Information provided –
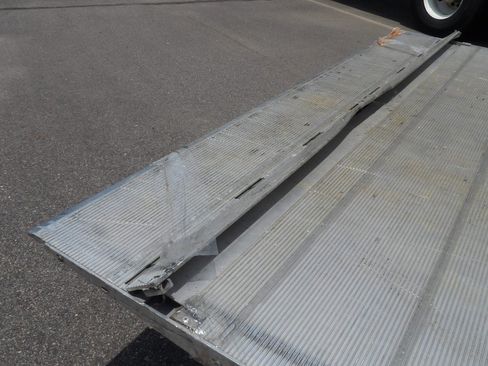 Used 2016 Ford F750 2WD Regular Cab Super Duty image 28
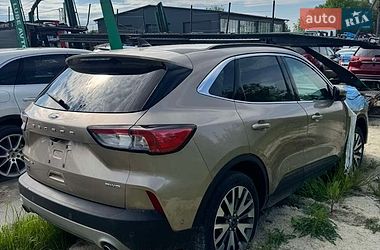 Ford Escape  2021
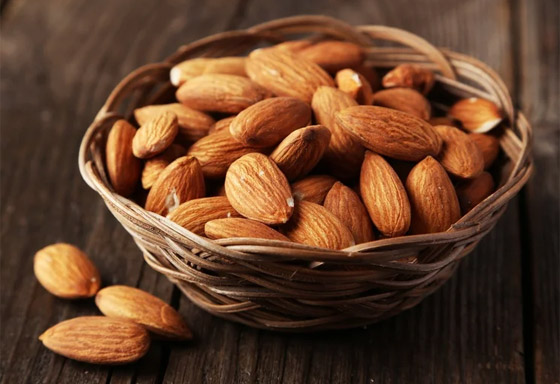 ماذا يحدث للجسم عند تناول اللوز يوميا؟ صورة رقم 6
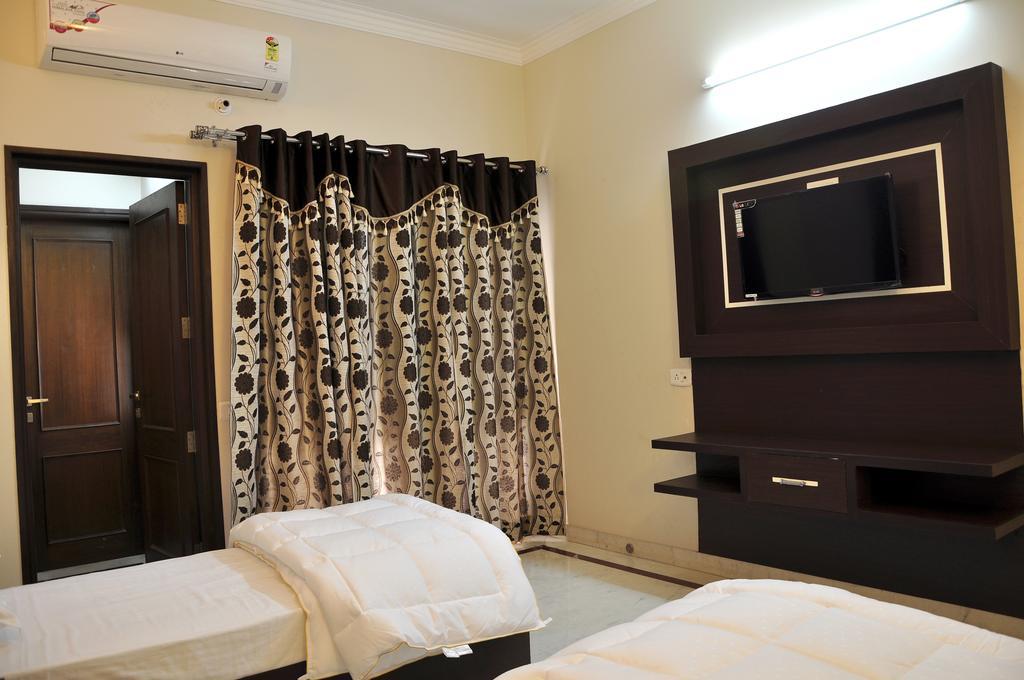 Mohini Home Stay Agra  Ngoại thất bức ảnh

Activity – Retype word for word all the material given above, and keep the pictures out.

Solution to this task –
 Used 2016 Ford F750 2WD Regular Cab Super Duty image 28
 Ford Escape  2021
 ماذا يحدث للجسم عند تناول اللوز يوميا؟ صورة رقم 6
 Mohini Home Stay Agra  Ngoại thất bức ảnh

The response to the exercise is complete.